Sydney, June 18, 2026, 02:09 AEST
- Commonwealth Bank ended the session up on Wednesday. Shares on the ASX were last at A$163.71, rising 1.13%.
- The S&P/ASX 200 climbed 48.60 points, or 0.54%, closing at 8,966.30. That’s the index’s best level in 20 days.
- The Reserve Bank of Australia kept its cash rate steady at 4.35% but signaled more hikes are possible.
Commonwealth Bank of Australia shares climbed Wednesday, following gains across the Australian market. Investors shrugged off concerns over oil prices, while the Reserve Bank’s first rate pause of 2026 offered some support for bank stocks.
Cash equities trading in Australia was closed when this was published, leaving Wednesday’s close as the most recent. The ASX wraps regular trade at 4 p.m. Sydney, then runs a closing auction to set final prices.
CBA is under the spotlight as the nation’s largest bank sits at the heart of two opposing trades.
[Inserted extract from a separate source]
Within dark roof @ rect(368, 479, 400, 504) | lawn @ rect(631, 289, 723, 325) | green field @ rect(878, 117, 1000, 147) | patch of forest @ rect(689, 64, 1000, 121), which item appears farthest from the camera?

Higher rates help the bank’s lending margins—the spread between loan earnings and funding costs. But those same rate rises are hitting borrowers and holding back credit demand.
Oil fell under $80 a barrel, which helped push Australian shares higher. Traders saw less pressure in Middle East supply lines, and that took some heat off inflation. Cyclical stocks caught a bid as the mood shifted.
Banks finished the day mixed. National Australia Bank lost 0.58% to A$37.67 and Westpac dropped 0.53% to A$35.56. ANZ ticked up 0.69% to A$35.05.
The Reserve Bank on Tuesday kept the cash rate steady at 4.35%. The rate has already gone up three times this year. The central bank said inflation remains above target and warned it may hike again if needed. Policymakers also pointed out weaker consumer spending and cooling housing activity.
CBA household data pointed to a mixed picture for the rally. The group’s Household Spending Insights Index was up 0.2% in May, with annual spending growth at 4.5%. But CBA economists warned spending could cool in the second half as borrowing costs climb.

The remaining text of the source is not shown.